A blood stained cloth draped over a chair on a dimly lit stage, things are badly awry even before the arrival of Ambika Mod and Andrew Shires, the duo collectively known as Megan from HR, with their “sketch comedy horror” show Children of the Quorn, currently running just off the Cowgate at the Edinburgh Fringe.
“Next time, do it outside on the street then I won’t have have to clean up the blood.” The request is exasperated, a feeling which is to become familiar over the next fifty-five minutes as the duo flash back to reveal the events which apparently led to this moment as they pull out the ouija board in preparation for a séance.
The flyer depicting Mod and Shires in the forest wearing dark hats and modest dress, a play upon the cult horror Children of the Corn, the ultimate in alternative lifestyles being not only submission to a religious cult but finding themselves the only vegetarians within that cult, opens up a wealth of cross-cultural observations and outsider jokes of the awkwardness of combining human sacrifice with a meat-free diet.

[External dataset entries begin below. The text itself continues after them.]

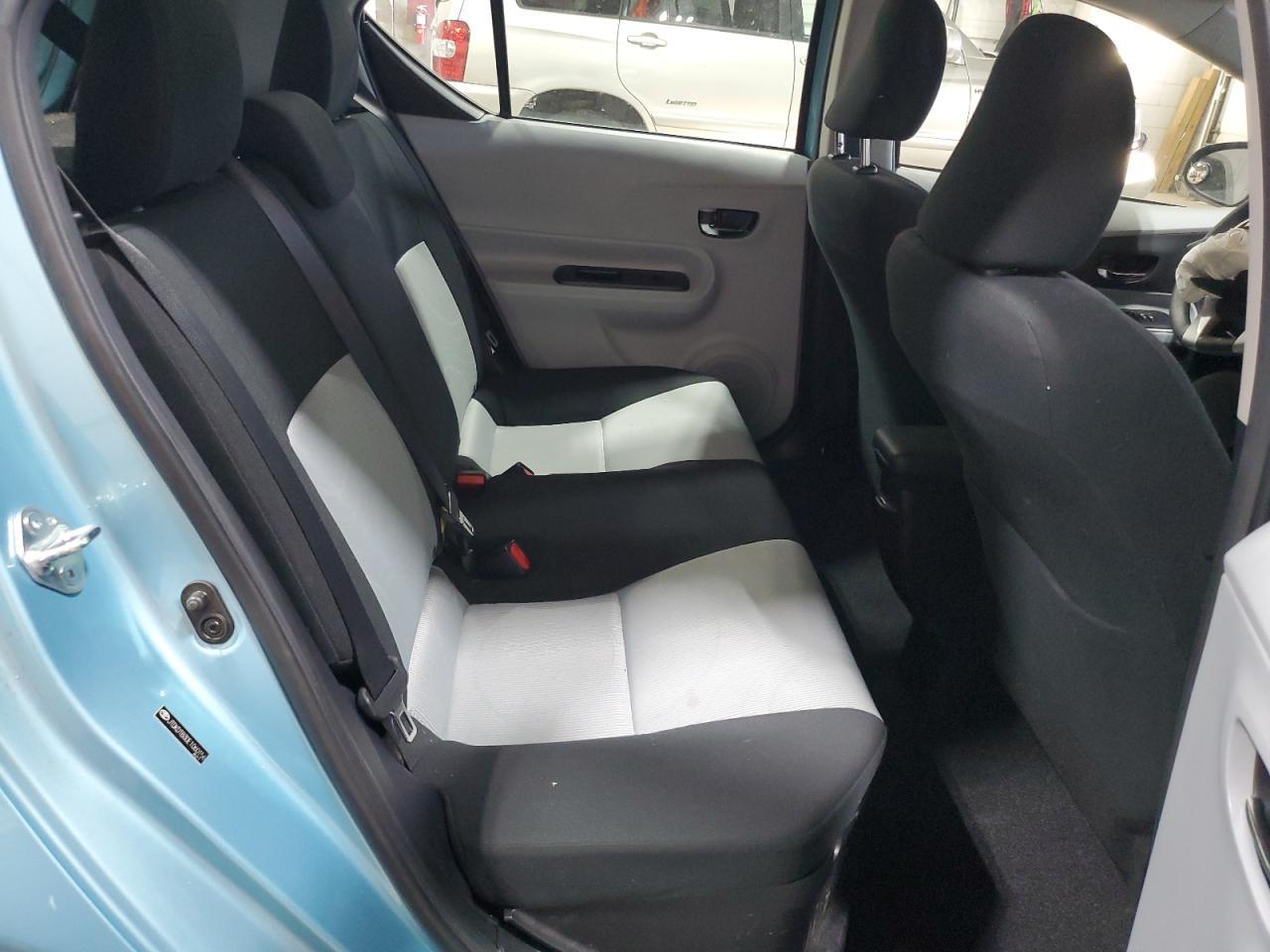 2014 TOYOTA Prius c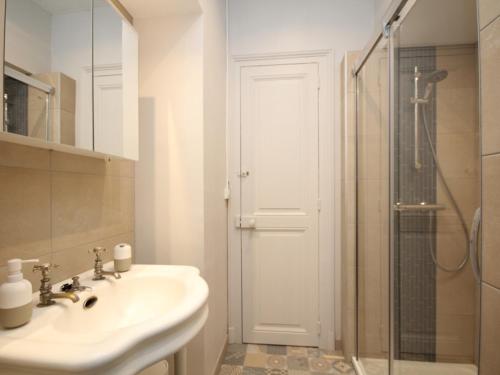 une salle de bain avec un lavabo et une douche dans l'établissement Appartement lumineux T2 avec kitchenette équipée, lave-linge et ascenseur - FR-1-608-108, à Le Mont-Dore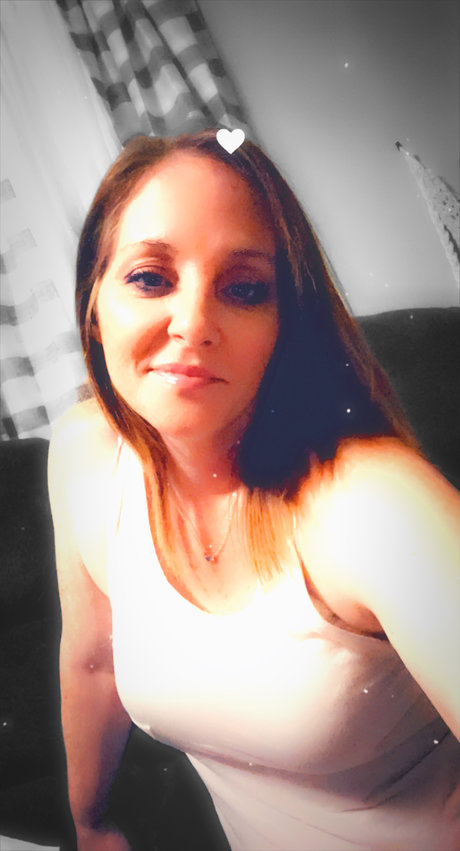 Jaymee English model erotic img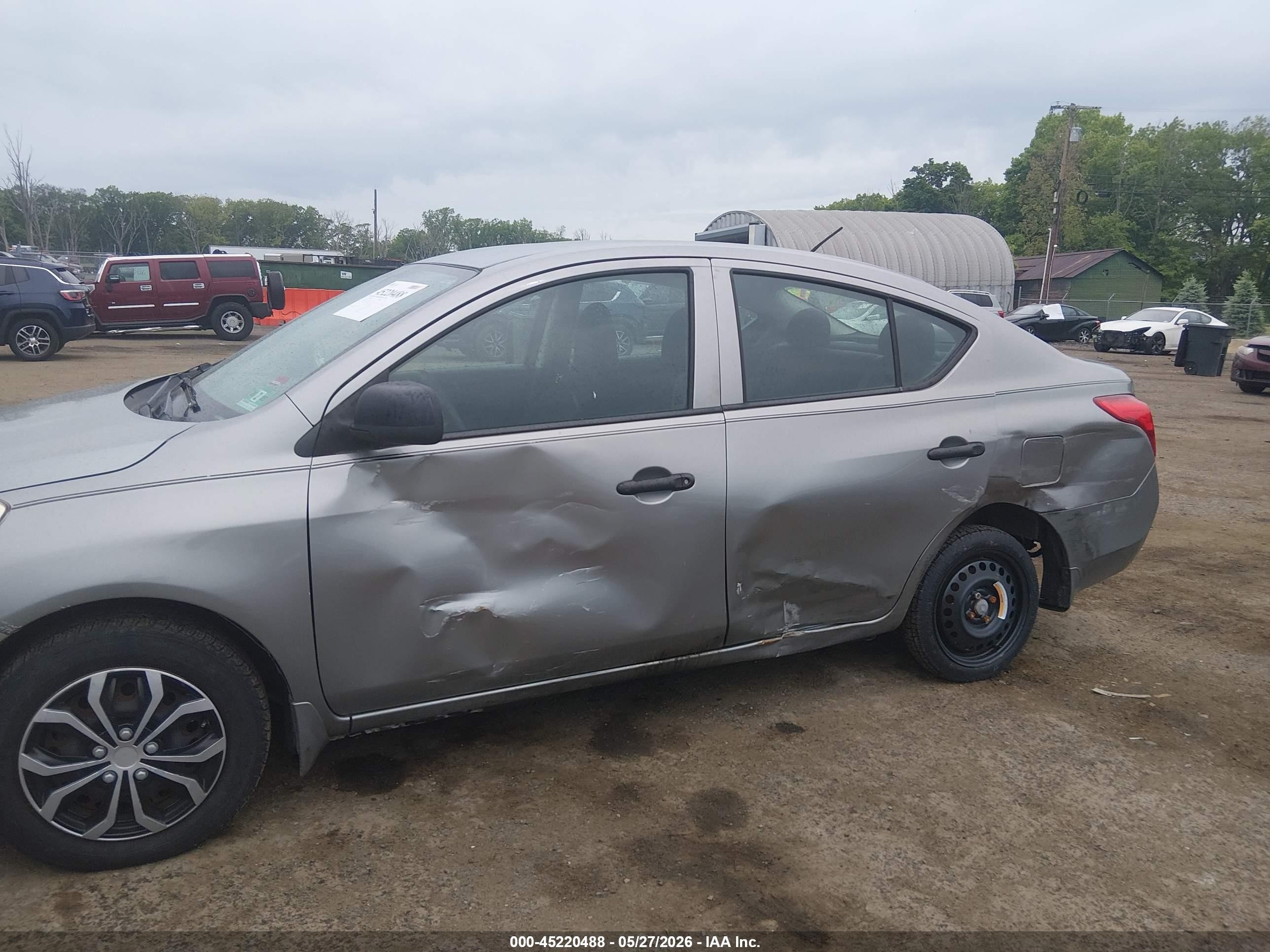 2012 Nissan Versa 1.6 S Gray vin: 3N1CN7AP8CL916809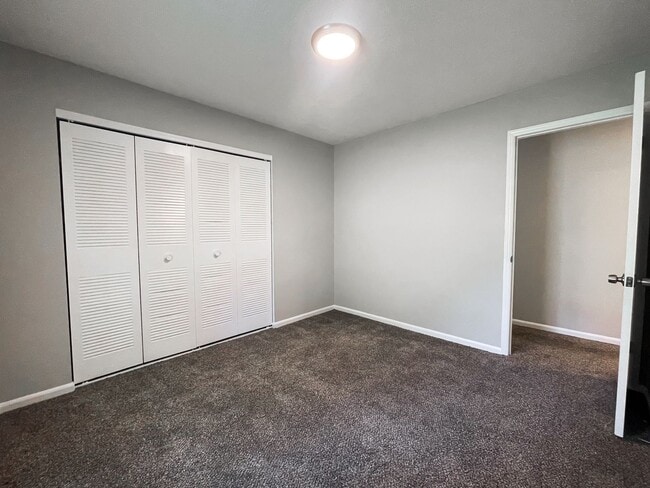 Building Photo - 709 54th St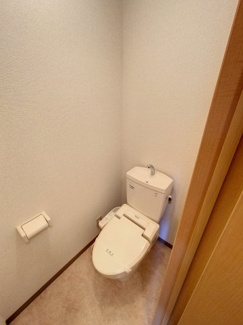 【トイレ】 | テルミーハイツ | ※同建物ほかのお部屋の写真です。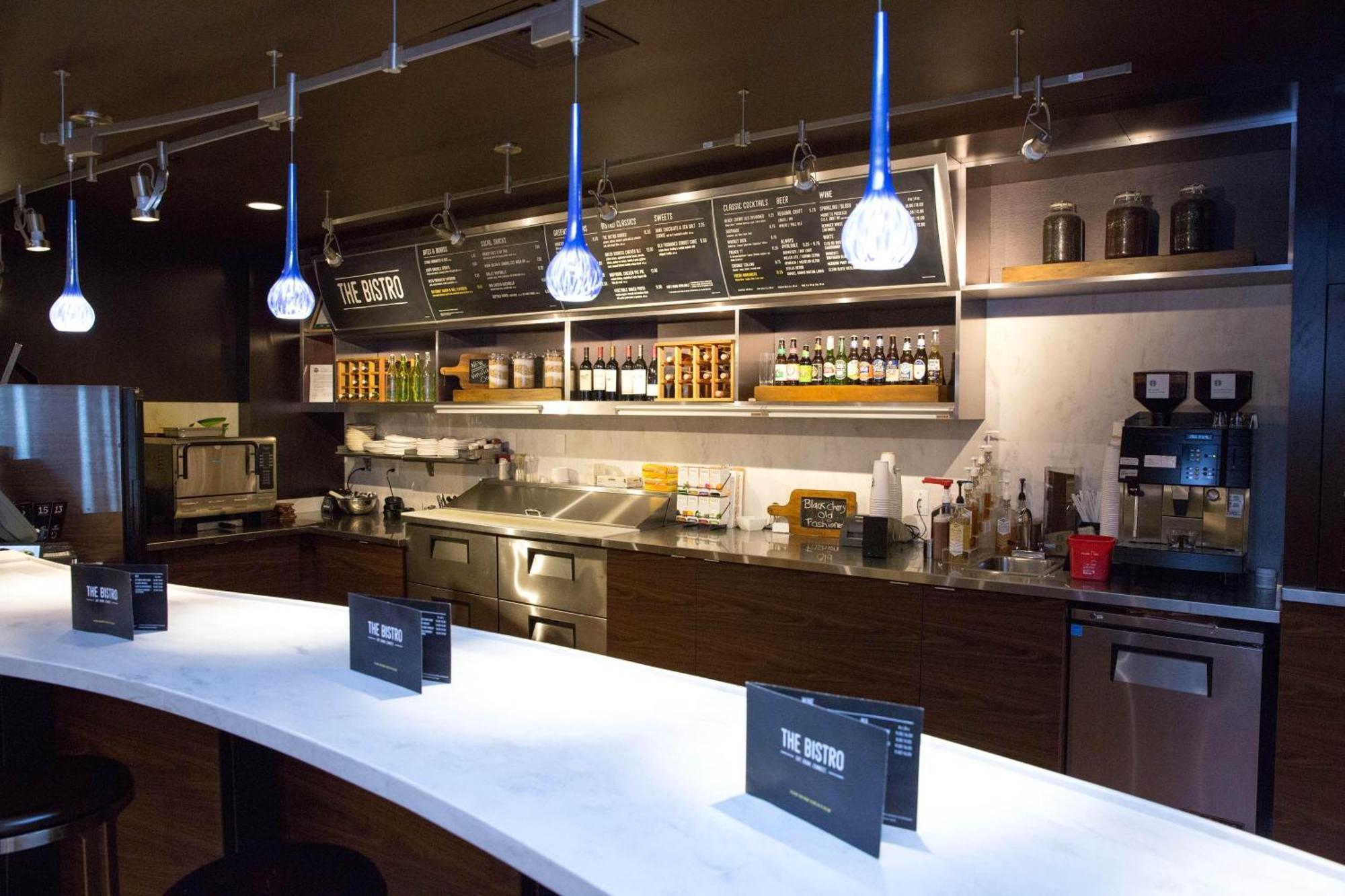 Courtyard By Marriott Madison East Hotel Bagian luar foto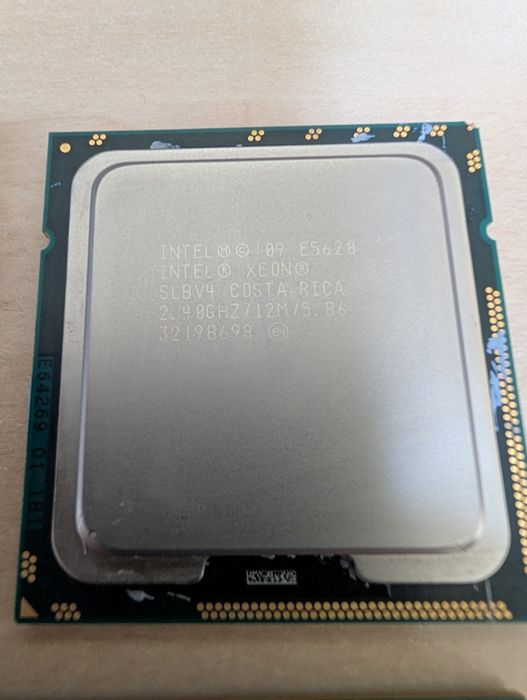 4 procesoare Intel Xeon E5620 2.4Ghz 4 core socket 1366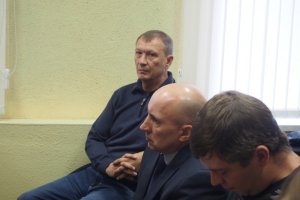 Н. Денин (слева) и Г. Колчебо (в центре) в зале суда (фото: «Брянская улица»)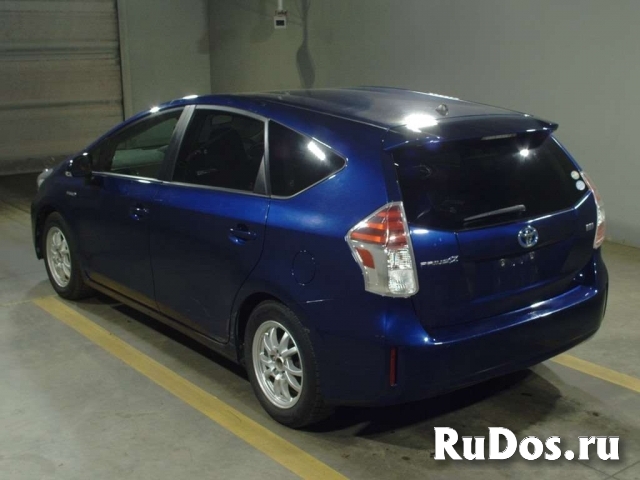 Минивэн гибрид Toyota Prius Alpha кузов ZVW41W модификация S фотка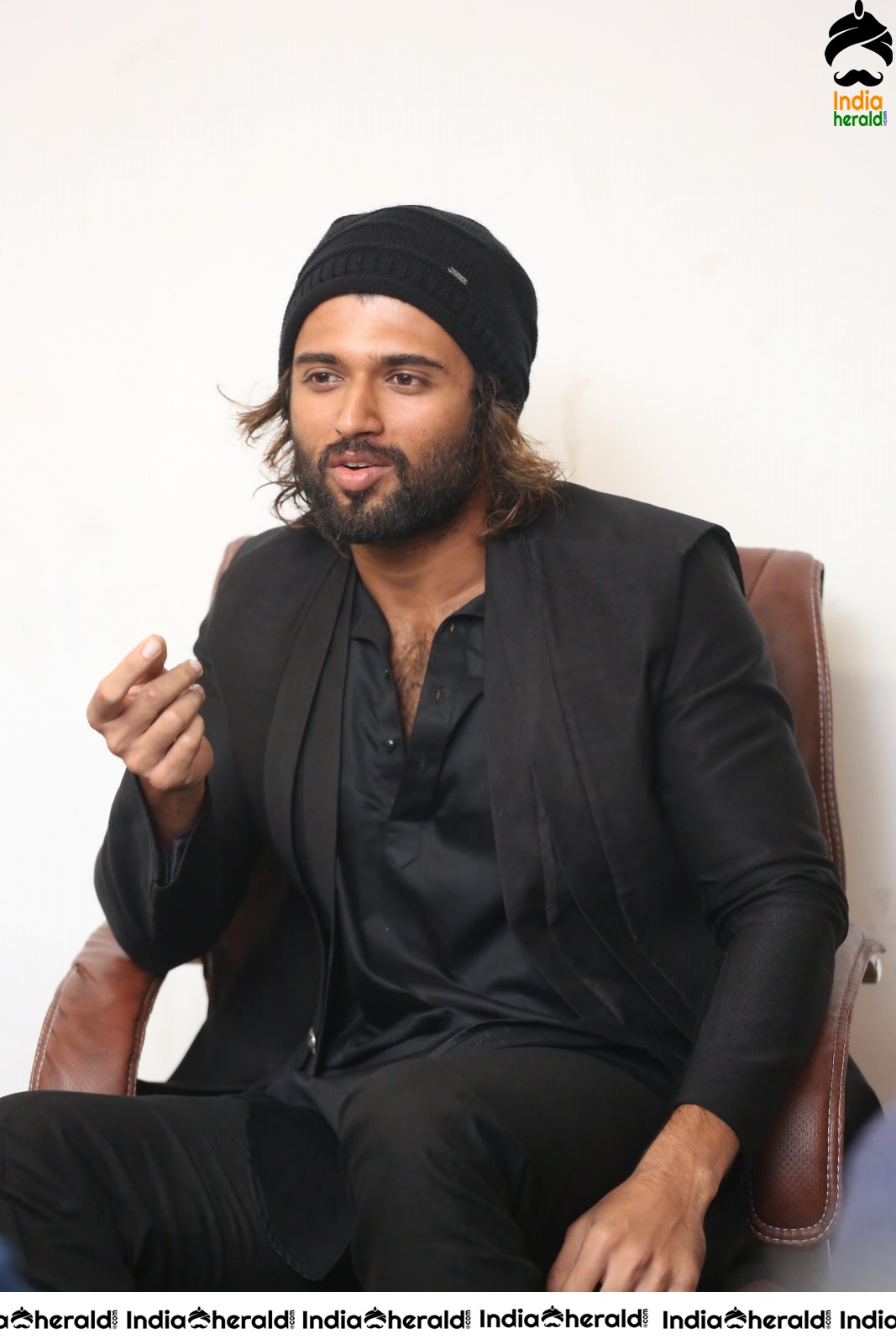 Actor Vijay Deverakonda Looking like a Hot Hunk in Black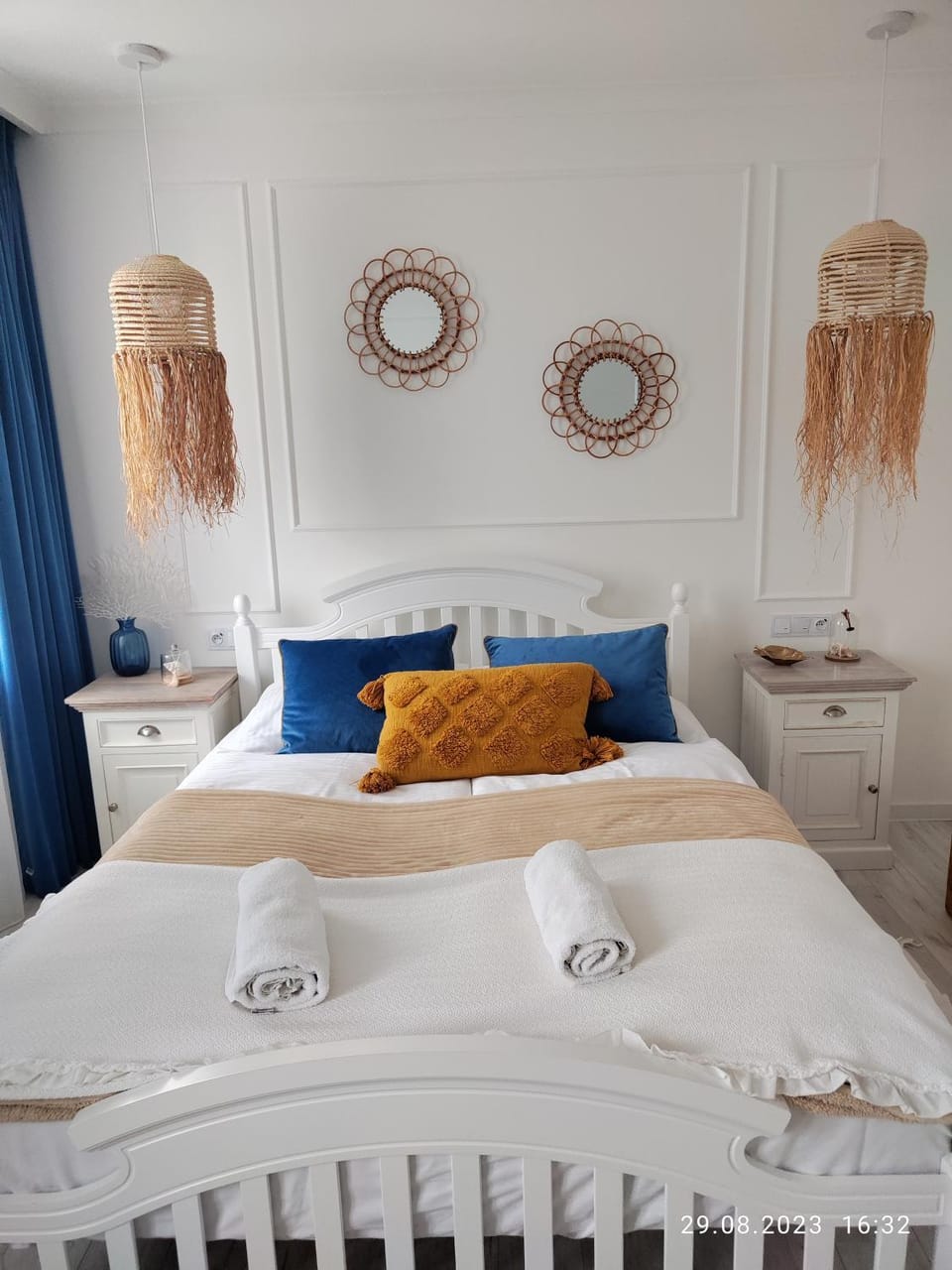 Bed, Other, Other, Other, Photo of the whole room, Seating area, Bedroom, towels, towels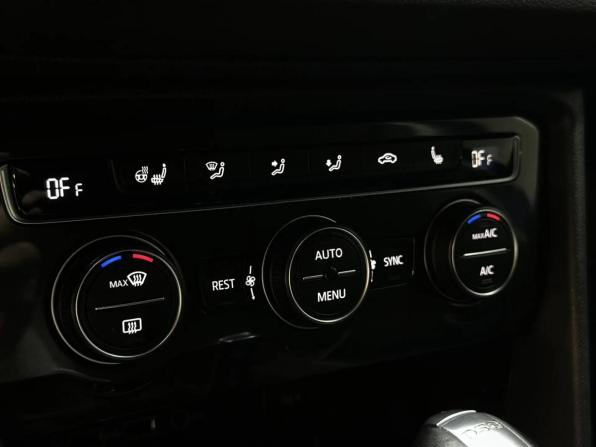 Volkswagen Tiguan II с пробегом 2018 года, цена 2 047 000 рублей, 123383 км, внедорожник, Автокод Объявления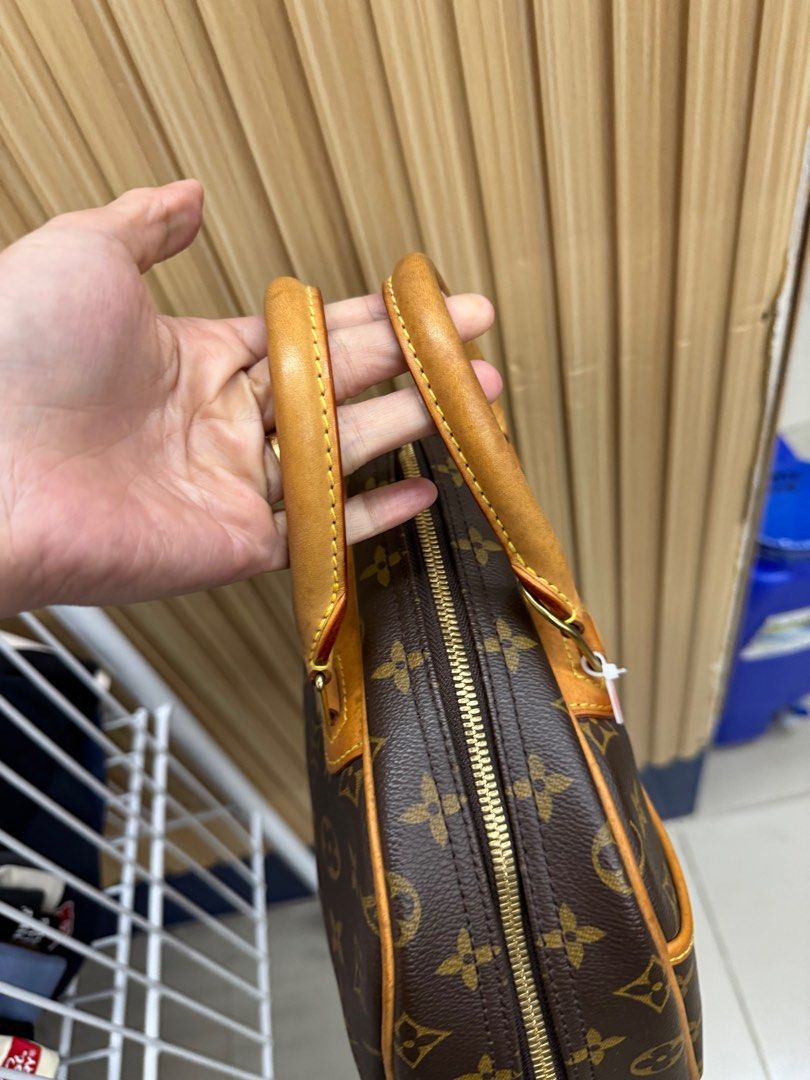 LV TROUVILLE (Category: Luxury Bags & Wallets) located in Manila. Submitted by raila.bags (Listing ID 1420485063, Image 2). Description: super nice pa condition neto .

Sadly, Children of the Quorn is not that show. Instead, the awkward party hosts waiting for the rest of the guests to arrive and refusing to believe nobody else (the dead) is coming to their séance, Mod and Shires attempt to “entertain” with a series of embarrassingly amateur attempts at comedy, laboured jokes of little wit or originality which were not pollinated in the fertile fields of folk horror Americana.
A large room with no amplification and harsh spotlights behind the performers which dazzle the audience more than the mediocre talent, they are without microphones and competing with the noises from the bar behind but make no attempt to compensate, mumbling their lines then explaining the jokes in an attempt to prove how clever they are; spoiler alert: they aren’t.
There is no attempt to create or differentiate characters in the sketches, and with terrible diction and little attempt to make their voices reach beyond the front rows other than when each weak punchline is followed by shouting “you idiots” at the audience, presumably for actually paying to enter the venue, and rather than a tasty alternative satirical snack Children of the Quorn is more akin to choking on quicksand.